Charged with battery, a young man agreed to meet with his victim. Through the Peacemaking Circle he learned that his victim was mentally challenged. This came as an unexpected and stunning revelation, and he felt compelled to repair the harm that he had done. He learned that the boy he had attacked liked video games, and he offered to teach him how to play some of his new games.
A drunk driver ran a red light and, colliding with another car, killed a man who left behind a wife and several young children. The offender served a lengthy prison sentence. When one of the children was older, she wondered if the wrongdoer ever thought about the damage he had done. Approached about holding a Peacemaking Circle in this case, Fr. Dave contacted all parties and they agreed to take part. Their Peacemaking Circle lasted a day and a half. (Most are typically a couple of hours.) The widow and her children shared their wrenching pain and how all their lives had instantly and catastrophically changed. The offender shared his deep trauma at the horror he had inflicted and had thought about it every day since then. At the end of the circle, the children forgave the perpetrator. Their mother couldn’t, but asked to stay in touch with the man. After six months of emailing, she, too, decided to forgive him.

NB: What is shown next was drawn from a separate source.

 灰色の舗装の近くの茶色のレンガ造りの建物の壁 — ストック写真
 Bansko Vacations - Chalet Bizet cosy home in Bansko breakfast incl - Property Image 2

Precious Blood Ministry of Reconciliation facilitates Peacemaking Circles for many groups. It holds regular sessions for family members who have lost children to violence, in English and Spanish. It holds weekly Peacemaking Circles for the larger community. It is often called in to schools.
And now it is going farther afield. It is about to train eight community organizations in the South and West Sides of Chicago to bring this process to their parts of the city. And Jonathan Little recently presented their work to an appreciative restorative justice conference in California. There is a growing community of Circle Keepers in Chicago and elsewhere, and they are slowly bringing this process into many settings.
While this process is beginning to get traction in some places, it is clear that the Peacemaking Circle’s methods and assumptions would be transformative at every level of our society and our world. Sooner rather than later we must enter the age of restorative justice, and Precious Blood — where the circle is a way of living — is pointing us in this direction.